Entretanto, as conclusões desse estudo não permitem calcular o potencial de presos que poderiam ser libertados caso o STF adote parâmetros para diferenciar tráfico e consumo, pois nem todos os réus processados por tráfico de drogas são condenados a regimes fechados ou semiabertos, explicou a coordenadora da pesquisa, Milena Karla Soares, à BBC News Brasil. “Estamos realizando um novo estudo para analisar especificamente qual seria o impacto no sistema prisional”, acrescentou.

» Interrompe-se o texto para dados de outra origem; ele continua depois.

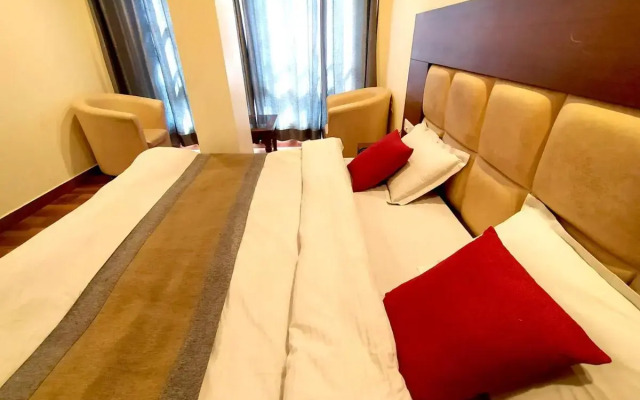 Hotel Samrat | On Mall Road with complimentary Parking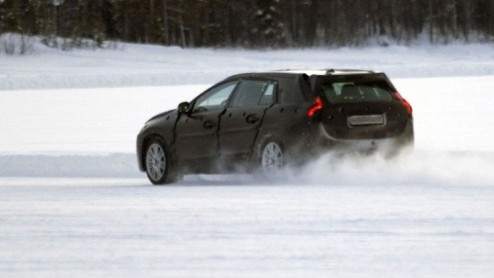 Volvo maakt er geen geheim van dat er op basis van de nieuwe S60 ook een stationwagon verschijnt. Het model krijgt de naam V60 en wordt eind dit jaar gelanceerd in Parijs. Voordat dat zover is hebben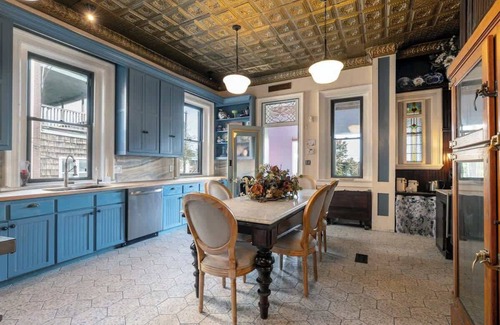 Pendleton Heights Other | The Kansas City Mansion
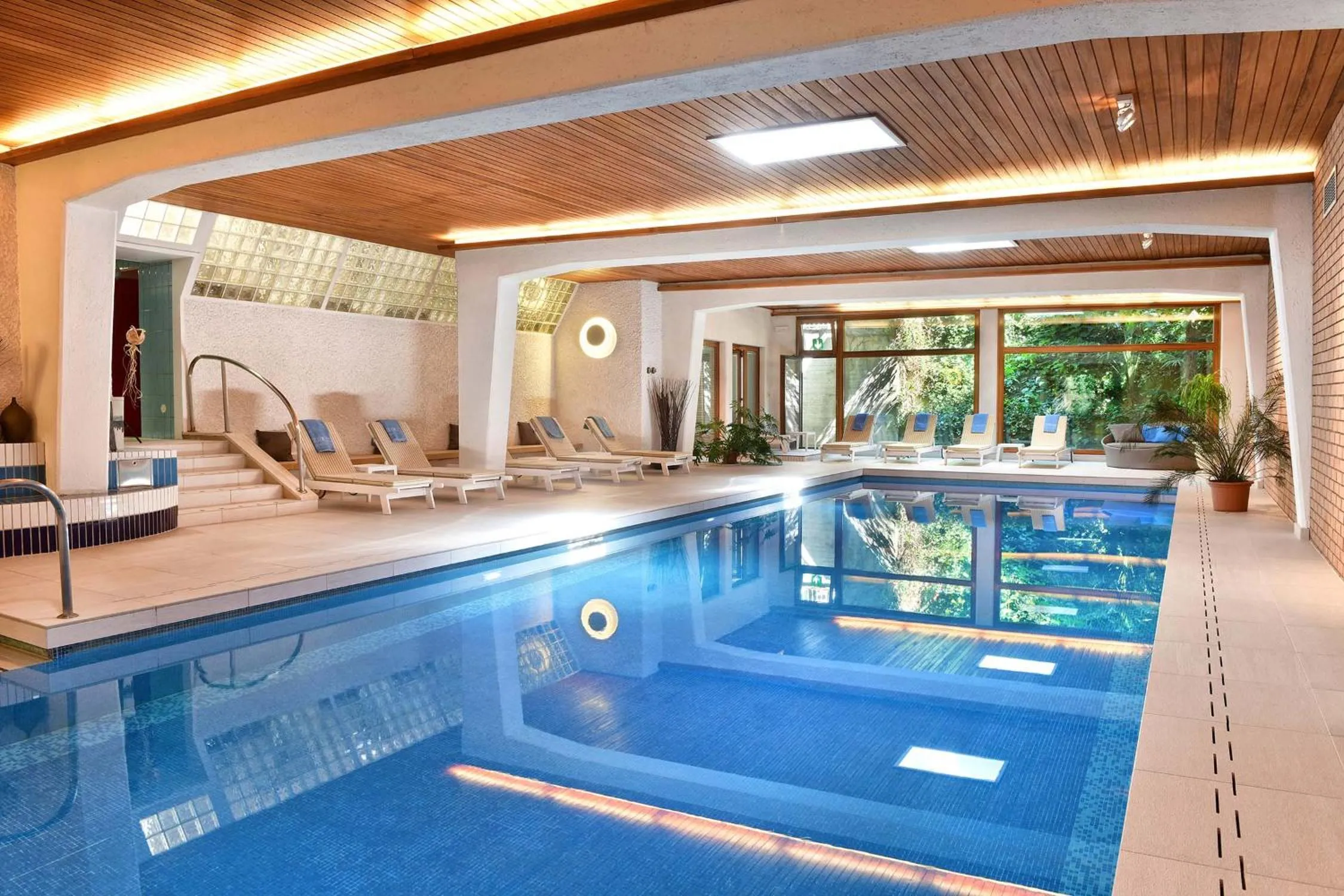 Swimming pool in Hotel Juliane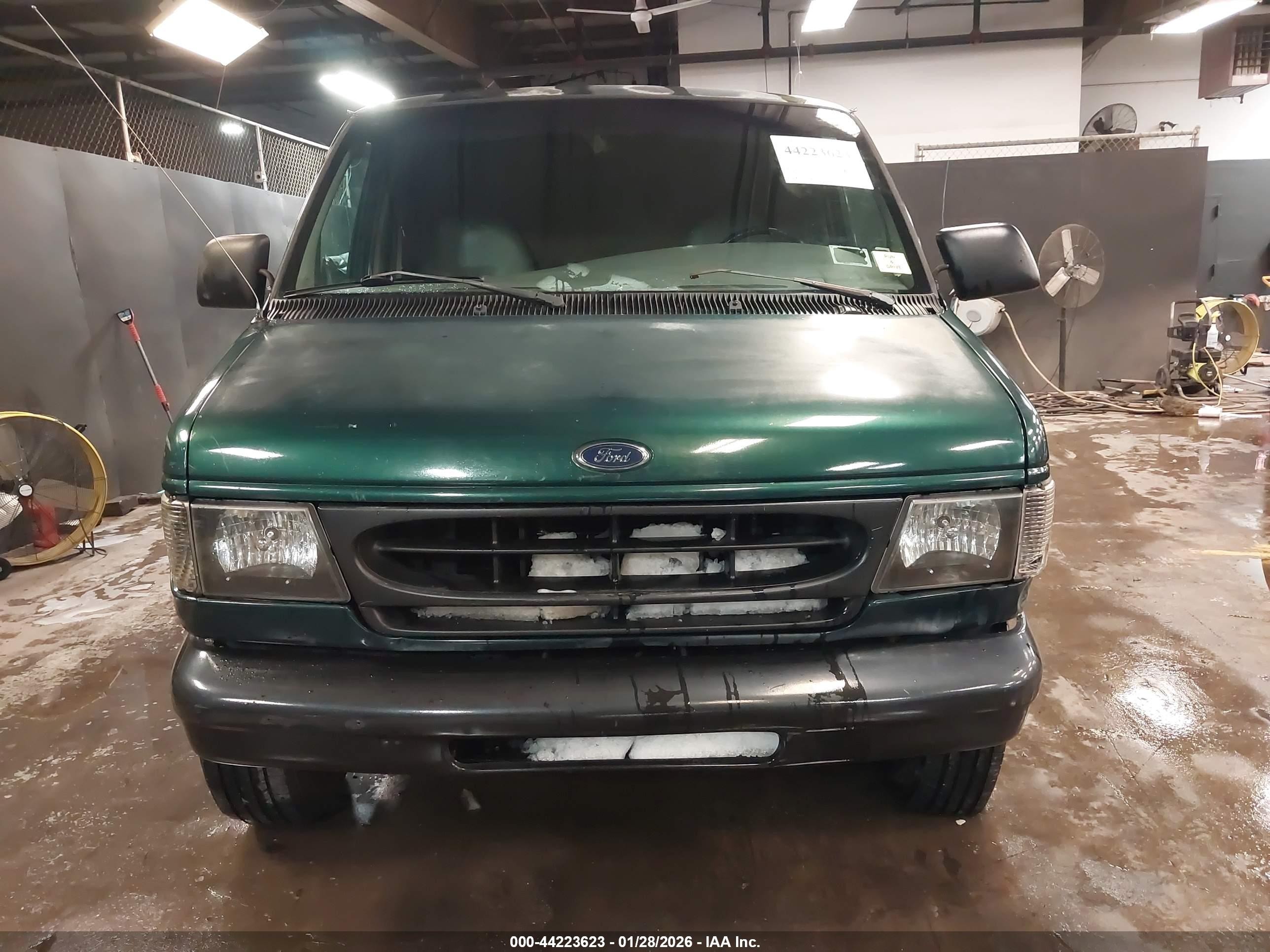 2000 Ford E-350 Super Duty Xl/xlt Зеленый vin: 1FBSS31L1YHB40587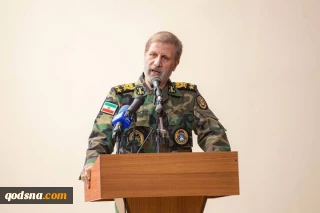 قائد الجيش الايراني: القوات المسلحة لن تتردد لحظة في الدفاع عن استقلال البلاد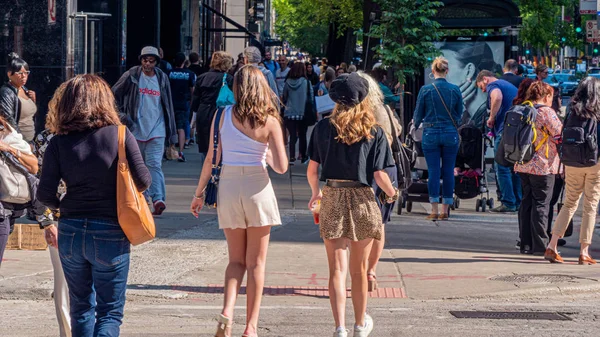 シカゴのミシガンアベニューを歩く人々 シカゴ イリノイ州 2019年6月12日 — ストック写真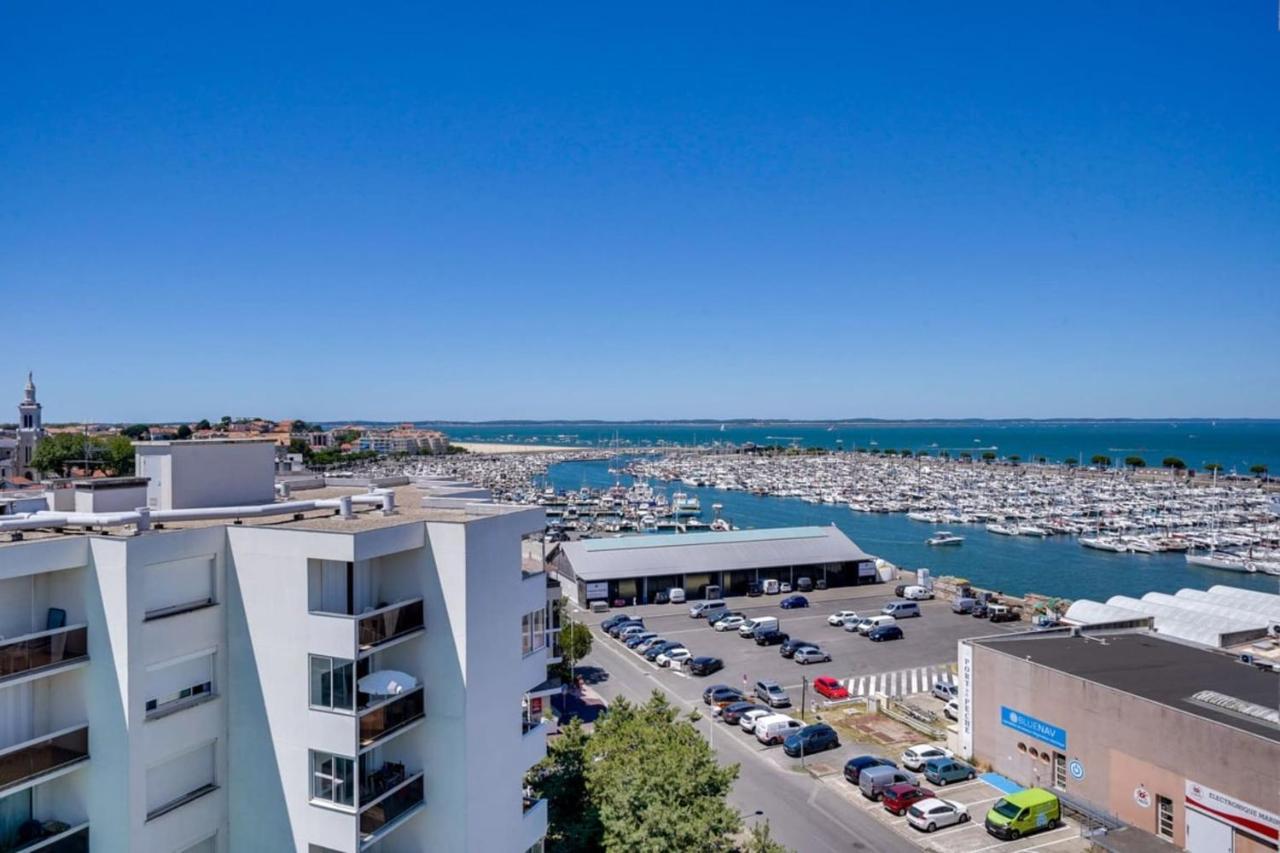 Flat In The Port Of Apartment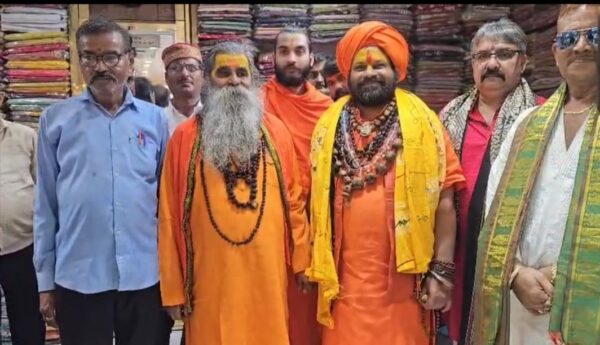 मथुरा-काशी में कारसेवा और ढांचा गिराने की बात पर महंत राजूदास का बड़ा बयान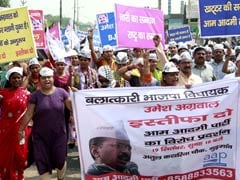 AAP Burns Effigy of Rape Accused Gurgaon Lawmaker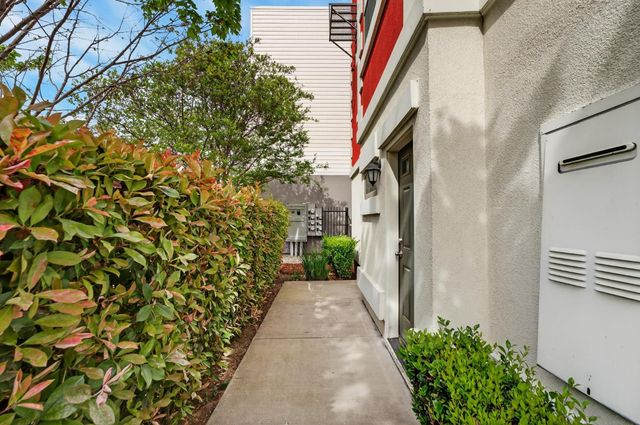 2038 20th St, Sacramento, CA 95818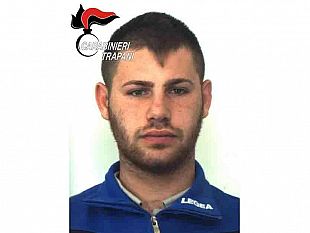 trapani-arrestato-dai-carabiniere-ventenne-per-furto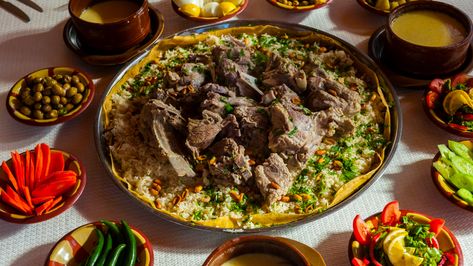 If you find yourself going hungry in Petra, never fear. Here’s our guide to the best restaurants in this historic city. Jordanian Food, Eggplant Moussaka, Visit Jordan, Jordan Photos, National Dish, People Eating, Aromatic Herbs, Salad Bar, 10 Reasons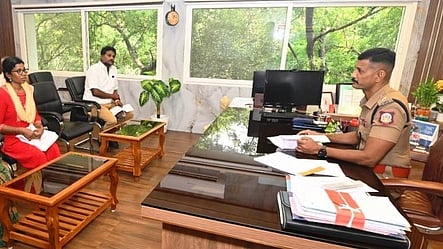 பொதுமக்களிடம் குறைகளைக் கேட்டறிந்த வேலூா் எஸ்பி ஏ.மயில்வாகனன்.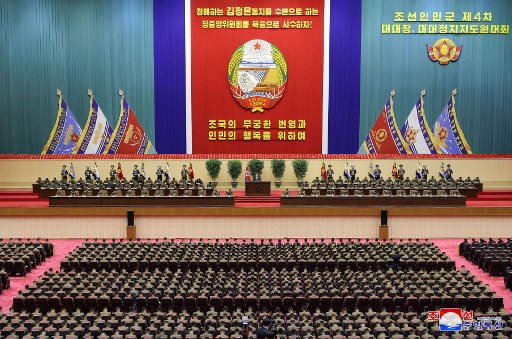 Pemimpin Korea Utara itu meminta pejabat militer untuk fokus pada penyelesaian persiapan perang dengan menekankan perlunya memperkuat kekuatan nuklir untuk menyelesaikan misi pencegahan perang dan melancarkan serangan pendahuluan jika terjadi keadaan darurat.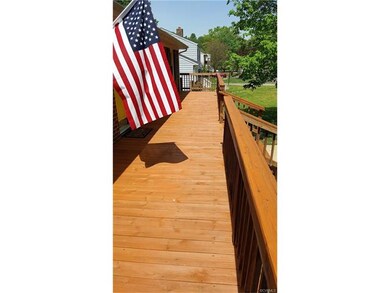 FULL FRONT PORCH
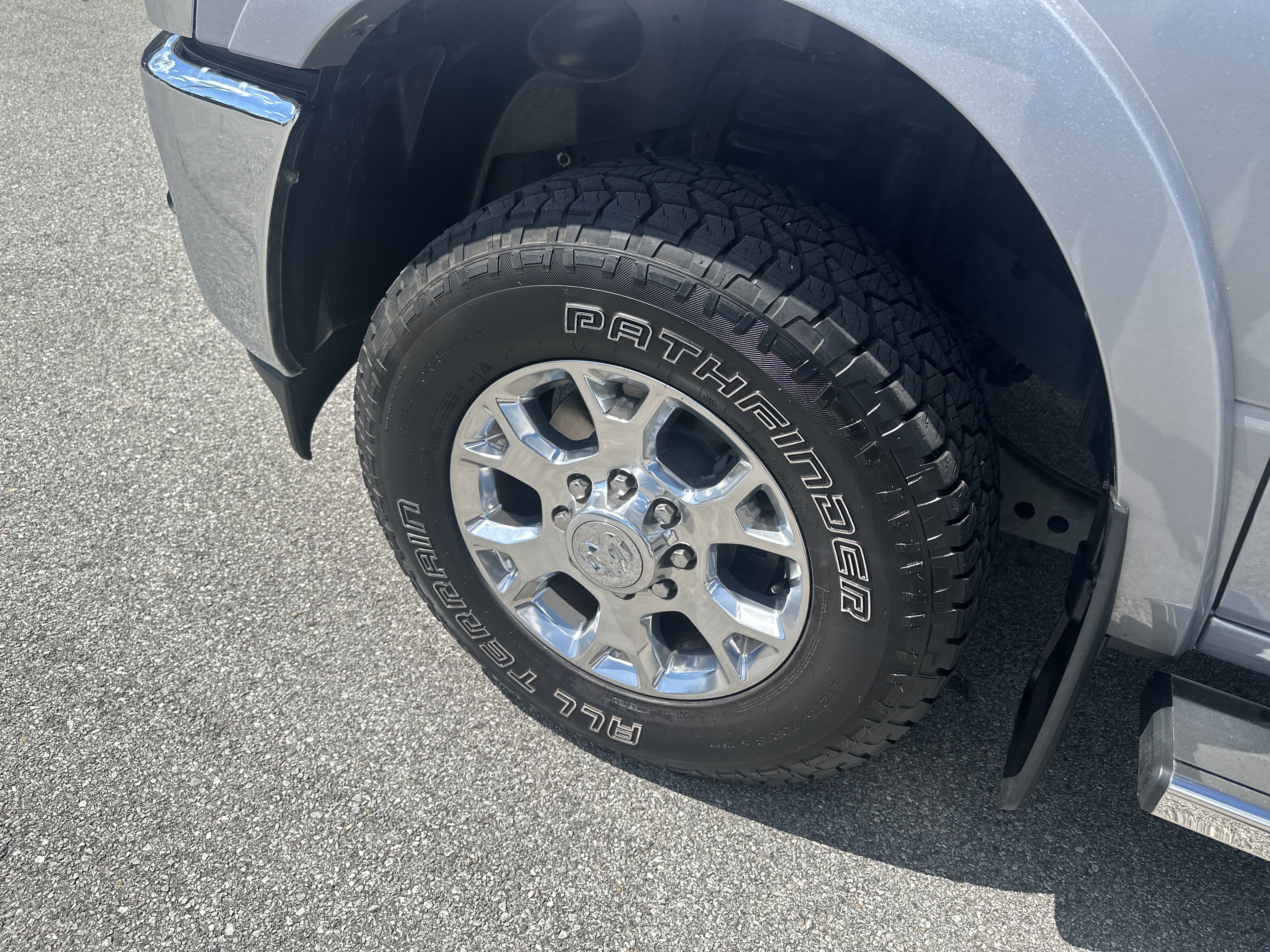 2022 RAM 2500 Laramie Crew Cab 4x4 6'4' Box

Soares ressalta que a falta de padronização no registro das quantidades apreendidas nos processos criminais dificulta essas análises. Para identificar as quantidades apreendidas com cada réu, a equipe do Ipea examinou diversos documentos processuais, como laudos periciais, denúncias do Ministério Público e as sentenças dos juízes. A “melhor informação disponível” foi selecionada em cada caso para conduzir o estudo.

Diante disso, uma das recomendações advindas da pesquisa é “o estabelecimento de um protocolo nacional para a padronização das informações de natureza e quantidade de drogas nos processos criminais”.

Entenda melhor a ação em julgamento

O Supremo Tribunal Federal (STF) encontra-se em análise de um Recurso Extraordinário com repercussão geral, cuja decisão terá abrangência para todos os casos análogos, questionando a constitucionalidade do artigo 28 da Lei de Drogas.

Esse dispositivo estipula como crime a aquisição, guarda ou transporte de drogas para consumo pessoal, bem como o cultivo de plantas com essa finalidade. Não está prevista pena de prisão para esse delito, sendo as sanções dispostas, neste caso, em “advertência sobre os efeitos das drogas”, “prestação de serviços à comunidade” e/ou “medida educativa de comparecimento a programa ou curso educativo”.

O recurso foi interposto pela Defensoria Pública de São Paulo em defesa de um réu detido com 3 gramas de maconha, condenado a prestar serviços comunitários pela posse da substância. A Defensoria argumenta que a legislação viola os direitos à liberdade, à privacidade e à autolesão (direito do indivíduo de tomar decisões que afetem apenas a si mesmo), garantidos pela Constituição Federal.

Ao sustentar sua posição no início do julgamento, o defensor Rafael Muneratt declarou: “Por ser praticamente inerente à natureza humana, não nos parece o mais sensato buscar a solução ou o gerenciamento de danos do consumo de drogas através do direito penal, por meio de proibição e repressão. Experiências proibitivas trágicas já aconteceram no passado, como o caso da Lei Seca norte-americana e mesmo a atual política de guerra às drogas, que criou mais mazelas e desigualdades do que efetivamente protegeu o mundo de substâncias entorpecentes.”

Por outro lado, o então chefe do Ministério Público em São Paulo, o procurador-geral Márcio Fernando Elias Rosa, posicionou-se contrariamente à descriminalização. Ele argumentou: “O tráfico no Brasil apresenta índices crescentes. O Estado não se mostra capaz nem sequer do controle efetivo da circulação das chamadas drogas lícitas. Não há estruturada rede de atenção à saúde ou programa efetivo de reinserção social.”